Bakteri itu awalnya ditemukan oleh Olivier Gros, profesor biologi kelautan di Université des Antilles di Guadeloupe, pada tahun 2009, yang terlibat dalam penulisan paper ini. Penelitian Gros berfokus pada sistem mangrove laut dan dia mencari simbion pengoksidasi belerang di sedimen mangrove yang kaya belerang tidak jauh dari labnya ketika dia pertama kali menemukan bakteri itu.
Bakteri ini juga menempel pada cangkang tiram, batu dan botol kaca di rawa.
”Awalnya saya pikir itu hanya sesuatu yang aneh, beberapa filamen putih yang perlu dilekatkan pada sesuatu di sedimen seperti daun,” tulis Gros dalam keterangan yang dirilis Lawrence Berkeley National Laboratory.

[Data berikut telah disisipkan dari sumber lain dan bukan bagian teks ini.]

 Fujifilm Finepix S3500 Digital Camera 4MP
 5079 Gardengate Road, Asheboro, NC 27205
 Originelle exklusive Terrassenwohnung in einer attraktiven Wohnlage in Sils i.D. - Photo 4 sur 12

Dia kemudian membawa filamen putih ini untuk diperiksa di laboratorium dan menyadari itu adalah prokariota pengoksidasi belerang. Sel-sel bakteri ini tumbuh lebih besar dari rata-rata sel bakteri, menampilkan poliploidi yang belum pernah terjadi sebelumnya lebih dari setengah juta salinan genom yang sangat besar, dan menjalani siklus hidup dimorfik dengan pemisahan asimetris kromosom menjadi sel anak.

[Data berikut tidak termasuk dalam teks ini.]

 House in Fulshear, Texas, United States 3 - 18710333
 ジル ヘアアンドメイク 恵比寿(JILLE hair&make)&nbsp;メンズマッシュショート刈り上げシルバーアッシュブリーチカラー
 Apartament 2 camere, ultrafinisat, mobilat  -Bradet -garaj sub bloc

Fitur-fitur ini, bersama dengan kompartementalisasi bahan genom dan ribosom dalam organel aktif translasi yang terikat oleh membran bioenergi, menunjukkan peningkatan kompleksitas dalam garis keturunan Thiomagarita dan menantang konsep tradisional sel bakteri.
Para peneliti kemudian melakukan pengurutan gen 16S rRNA untuk mengidentifikasi dan mengklasifikasikan prokariota. Analisis genetik ini mengungkapkan organisme tersebut sebagai sel bakteri tunggal.

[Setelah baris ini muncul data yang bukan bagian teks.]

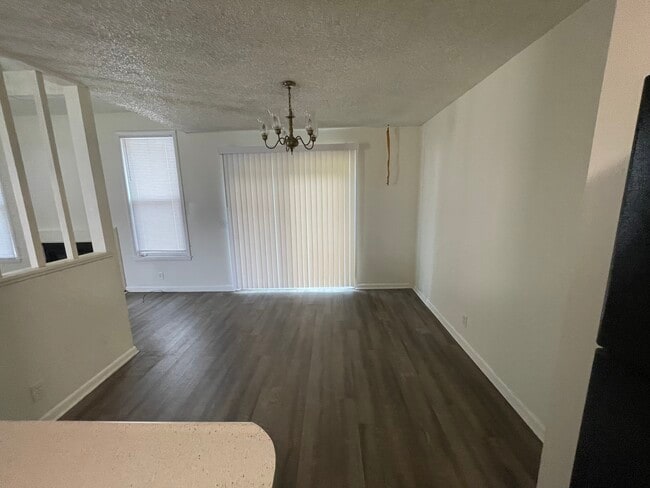 Primary Photo - 1424 Bell Trace Dr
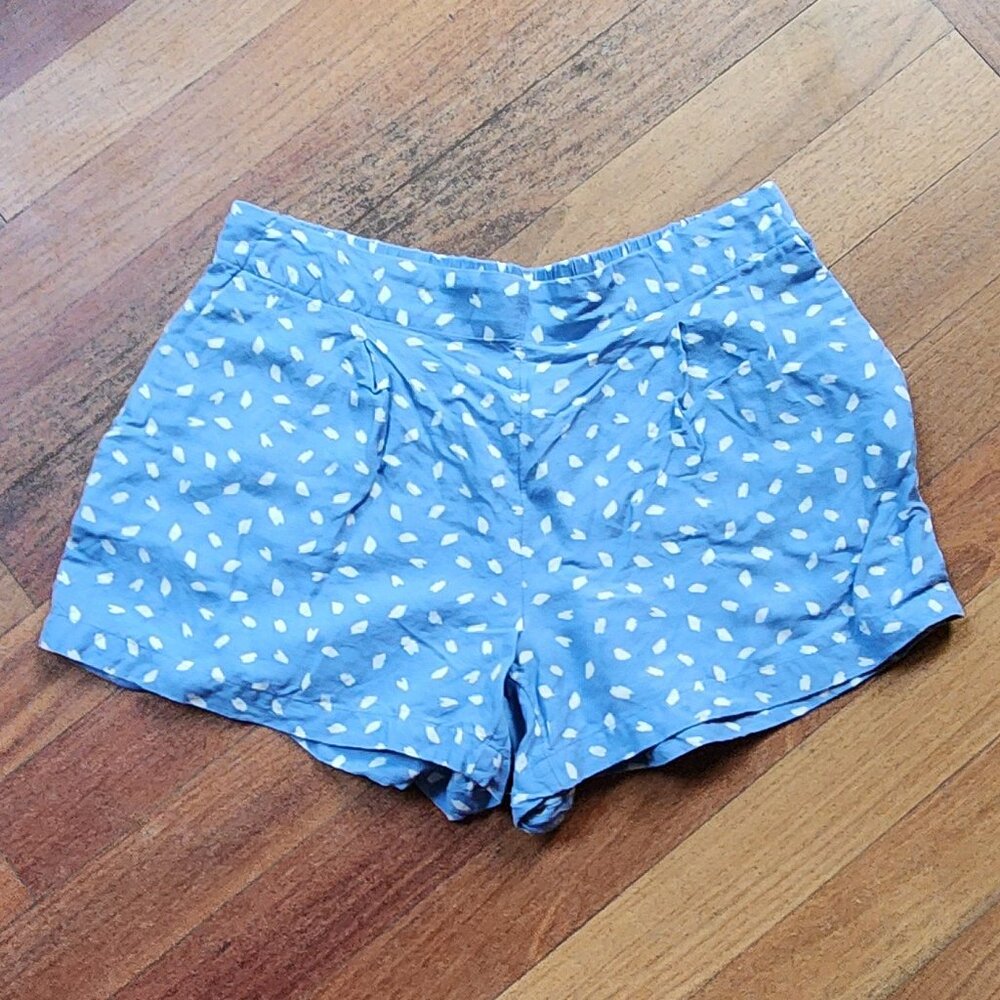 LOFT Blue/White Speckled Shorts Size Medium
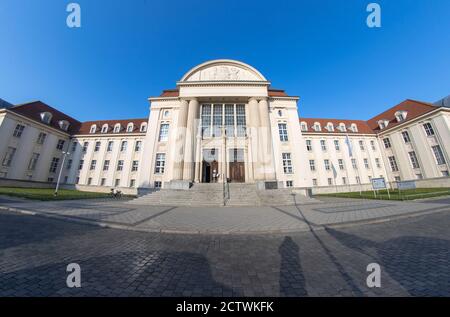 Schwerin, Deutschland. September 2020. Das Gebäude des Schweriner Landgerichts am Demmler-Platz. Quelle: Jens Büttner/dpa-Zentralbild/ZB/dpa/Alamy Live News Stockfoto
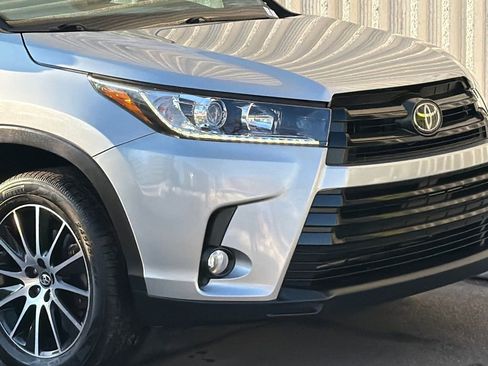 Used 2017 Toyota Highlander SE image 5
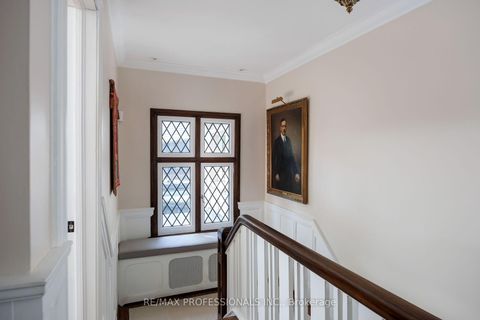 Photo 32 at 16 Kingsway Crescent, Kingsway South, Toronto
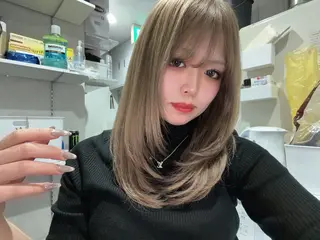 ミディアム タマシロカリン 艶カラー/レイヤーのヘアスタイル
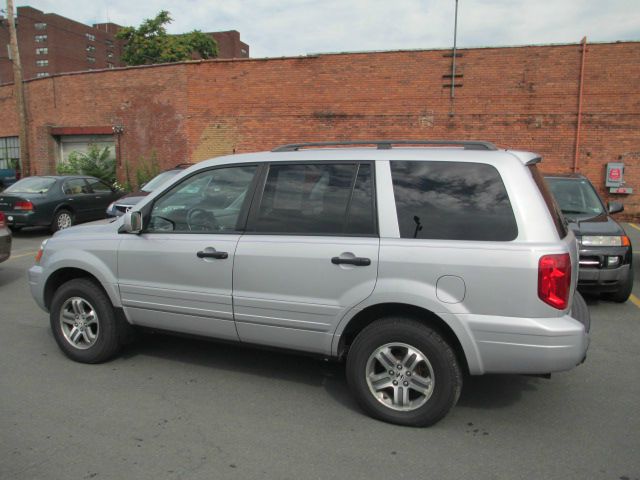 Honda Pilot 2004 photo 4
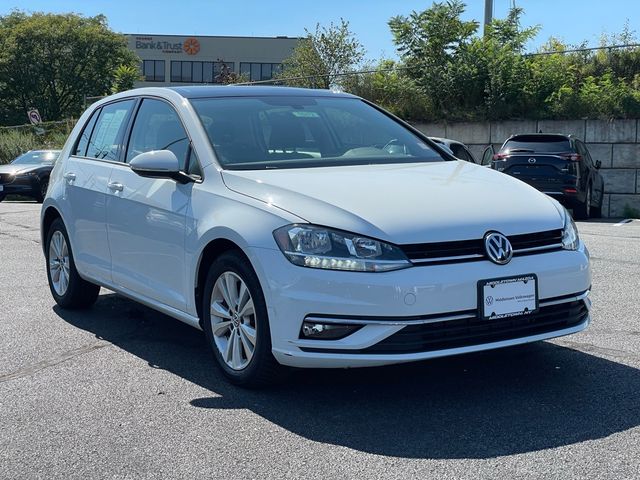 2019 Volkswagen Golf SE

”Saya pikir mereka adalah eukariota, Saya tidak berpikir mereka adalah bakteri karena mereka begitu besar dengan banyak filamen," tulis Silvina Gonzalez-Rizzo, profesor biologi molekuler di Université des Antilles, yang turut menulis paper ini.
”Kami menyadari mereka unik karena sel tunggal. Fakta bahwa mereka adalah mikroba ’makro’ sangat menarik,” ujarnya.
Para peneliti kemudian menyimpulkan bahwa filamen ini merupakan sejenis bakteri dari genus Thiomargarita dan kemudian dinamakan Ca. Thiomagarita magnifica. ”Magnifica karena magnus dalam bahasa Latin berarti besar dan menurut saya itu indah seperti kata Perancis: magnifique,” tutur Gonzalez-Rizzo.
Ia pun mengatakan, penemuan semacam ini membuka pertanyaan baru tentang morfotipe bakteri yang belum pernah dipelajari sebelumnya.
Penemuan Ca. Thiomargarita magnifica telah membuka jalan bagi beberapa pertanyaan penelitian baru, di antaranya adalah peran bakteri dalam ekosistem mangrove. ”Kami tahu bahwa (bakteri) itu tumbuh dan berkembang di atas sedimen ekosistem mangrove di Karibia,” kata Volland. ”Dalam hal metabolisme, bakteri ini melakukan kemosintesis yang merupakan proses yang analog dengan fotosintesis untuk tanaman.”
Pertanyaan lain yang luar biasa adalah apakah organel baru bernama ”pepin” berperan dalam evolusi ukuran ekstrim Thiomargarita magnifica, dan apakah ”pepin” ada pada spesies bakteri lain atau tidak. Pembentukan ”pepin” yang tepat dan bagaimana proses molekuler di dalam dan di luar struktur ini terjadi dan diatur juga masih harus dipelajari.
Selain ditemukan menempel pada akar-akar mangrove, bakteri ini juga menempel pada cangkang tiram, batu dan botol kaca di rawa. Para ilmuwan belum dapat menumbuhkannya dalam kultur laboratorium, tetapi para peneliti mengatakan sel tersebut memiliki struktur yang tidak biasa bagi bakteri. Satu perbedaan utama adalah mikroorganisme ini memiliki kompartemen pusat yang besar, atau vakuola, yang memungkinkan beberapa fungsi sel terjadi di lingkungan yang terkendali itu alih-alih di seluruh sel.
Para peneliti juga belum belum menjelaskan mengapa bakteri itu begitu besar, tetapi anggota tim penulis Volland berhipotesis itu mungkin merupakan adaptasi untuk membantunya menghindari dimakan oleh organisme yang lebih kecil.